## Goal of the exercise
With the pictures removed, set down all of the entries below exactly.

## Supplied material
####################
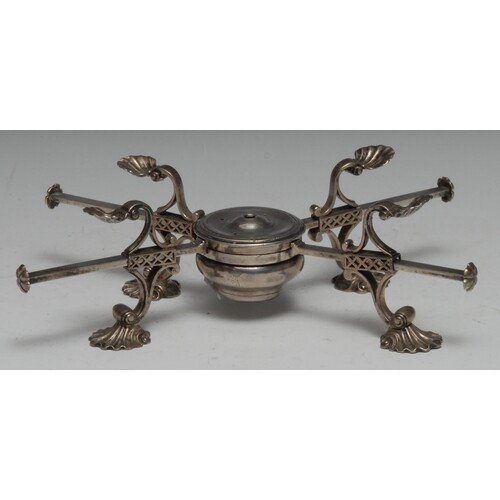 A George III silver dish cross, scallop shell rests and feet...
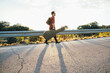 © Inuk Studio/Stocksy - Man walking with his guitar and bag on the roadside at sunset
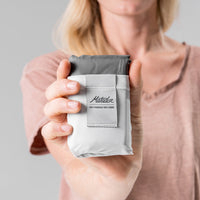 woman holding arctic white Pocket Blanket at camera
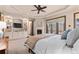 Spacious primary bedroom features a fireplace, built-in storage, and outside access at 5810 Amber Ridge Dr, Castle Pines, CO 80108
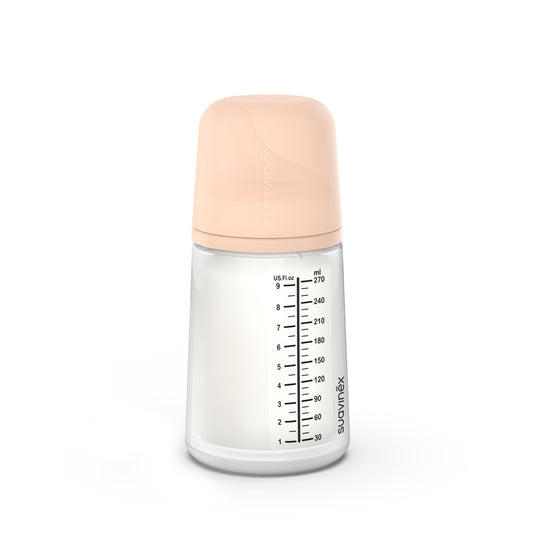 Un Suavinex Biberón Anticólicos ZERO ZERO 270ml Flujo Medio (M) con tapa beige muestra las medidas en ml y oz, permitiendo ver el contenido. Ideal para maridar con productos para bebés con entrega en Mallorca para máxima comodidad.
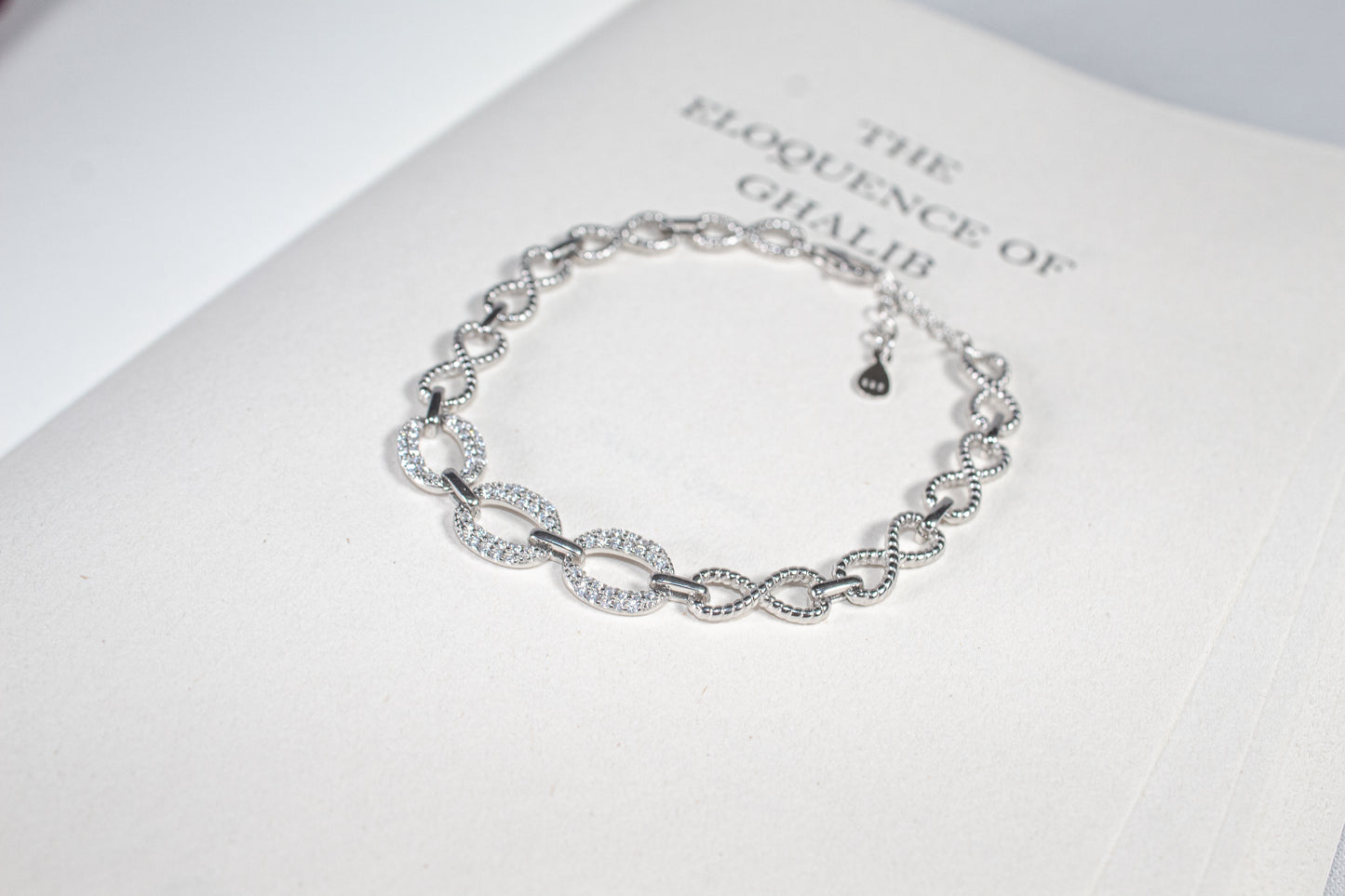Infinity Loop Crystal Charm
####################
## Written solution
 A George III silver dish cross, scallop shell rests and feet...
 © Inuk Studio/Stocksy - Man walking with his guitar and bag on the roadside at sunset
 woman holding arctic white Pocket Blanket at camera
 Spacious primary bedroom features a fireplace, built-in storage, and outside access at 5810 Amber Ridge Dr, Castle Pines, CO 80108
 Un Suavinex Biberón Anticólicos ZERO ZERO 270ml Flujo Medio (M) con tapa beige muestra las medidas en ml y oz, permitiendo ver el contenido. Ideal para maridar con productos para bebés con entrega en Mallorca para máxima comodidad.
Infinity Loop Crystal Charm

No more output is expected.